Action item >> Below are records; extract exactly the lines from the one containing "Auto tegen woning na ongeval" through the last, both included, and keep the pictures out.

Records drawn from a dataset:
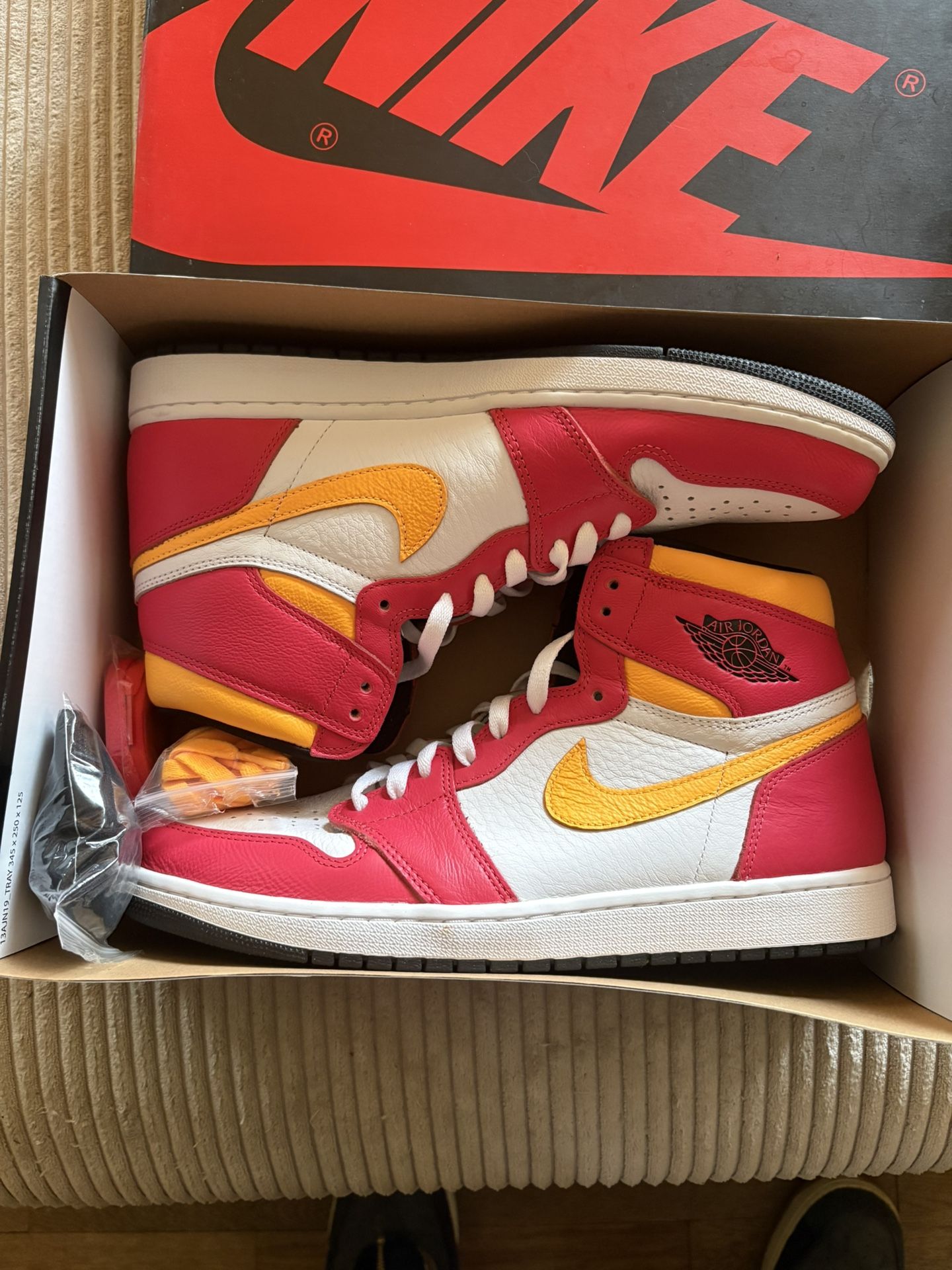 Jordan 1 Highs Light Fusion Red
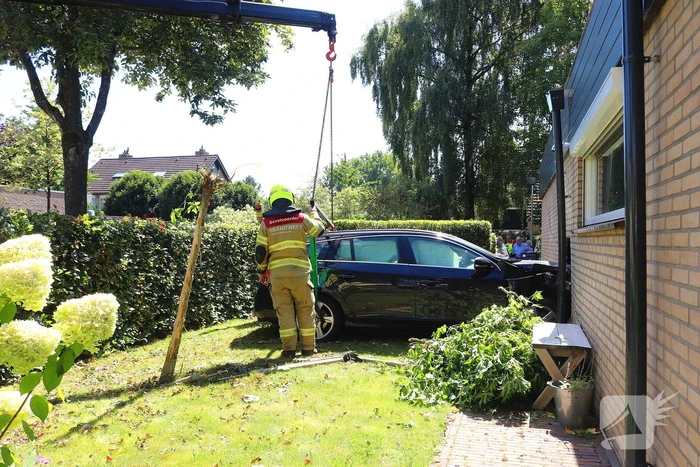 Auto tegen woning na ongeval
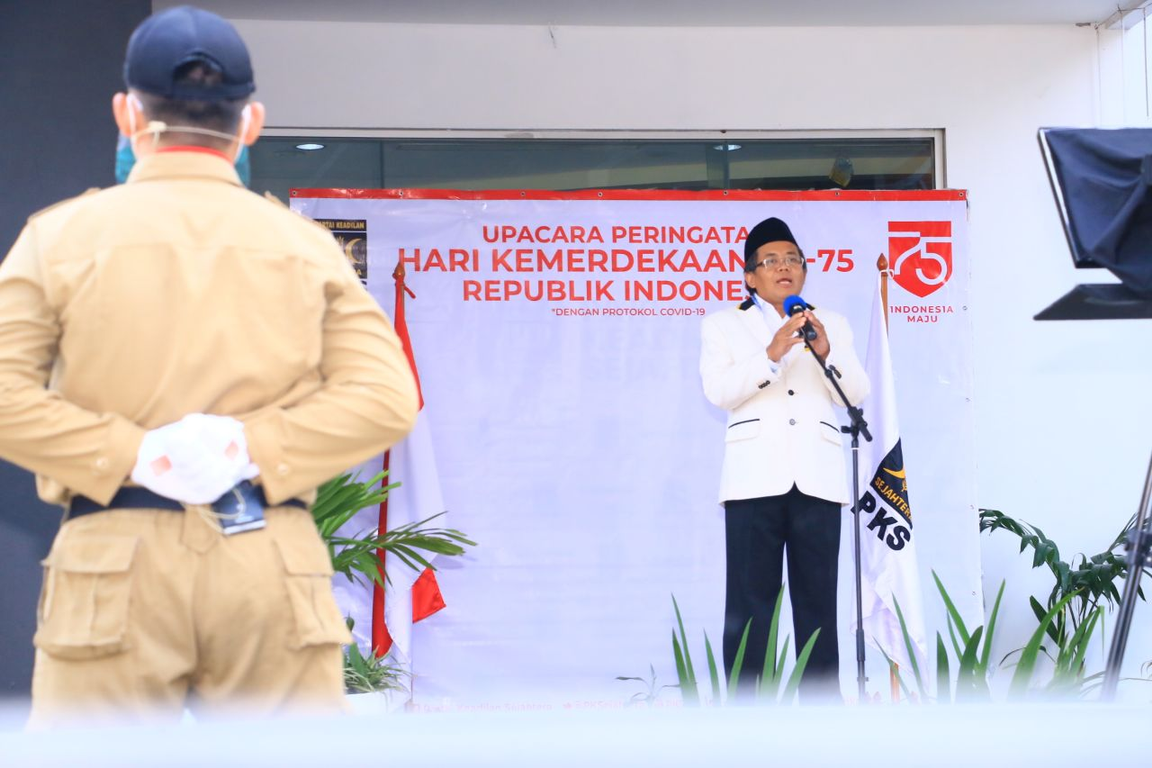 Arahan Presiden PKS Mohamad Sohibul Iman dalam Upacara Peringatan HUT ke75 RI di DPP PKS, Senin (17/8) (Donny/PKSFoto)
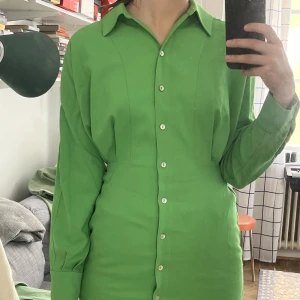 & other stories mini dress - Kort klänning från & other stories som är tight nedtill. Den är i bra skick, använd vid ett fåtal tillfällen. Superfin på sommaren till klackar eller sandaler. Jag är 174 cm. 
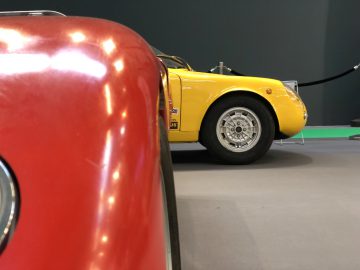 Rode en gele vintage sportwagens te zien op de tentoonstelling Antwerp Classic Salon 2020.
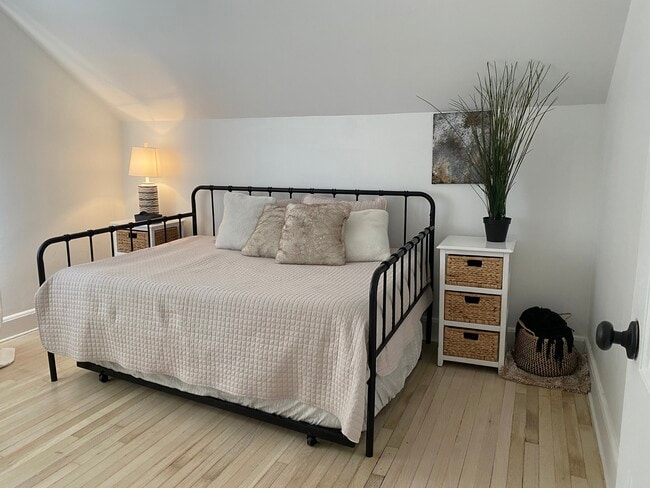 4 Webster St in Newport, RI - Building Photo - Building Photo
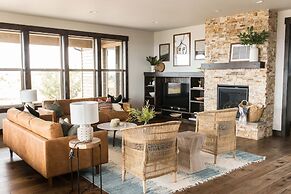 Clint by Avantstay Located Within The Brasada Ranch Community Golf Cou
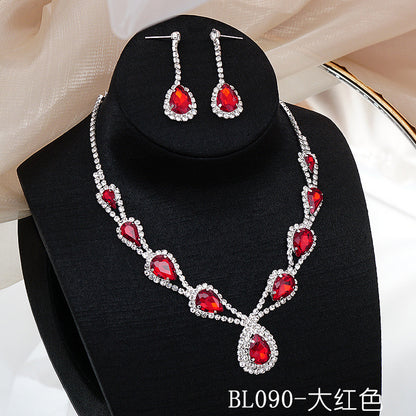 💎 Elegant Teardrop Crystal Necklace & Earring Set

Written solution >>
 Auto tegen woning na ongeval
 Arahan Presiden PKS Mohamad Sohibul Iman dalam Upacara Peringatan HUT ke75 RI di DPP PKS, Senin (17/8) (Donny/PKSFoto)
 & other stories mini dress - Kort klänning från & other stories som är tight nedtill. Den är i bra skick, använd vid ett fåtal tillfällen. Superfin på sommaren till klackar eller sandaler. Jag är 174 cm. 
 Rode en gele vintage sportwagens te zien op de tentoonstelling Antwerp Classic Salon 2020.
 4 Webster St in Newport, RI - Building Photo - Building Photo
 Clint by Avantstay Located Within The Brasada Ranch Community Golf Cou
 💎 Elegant Teardrop Crystal Necklace & Earring Set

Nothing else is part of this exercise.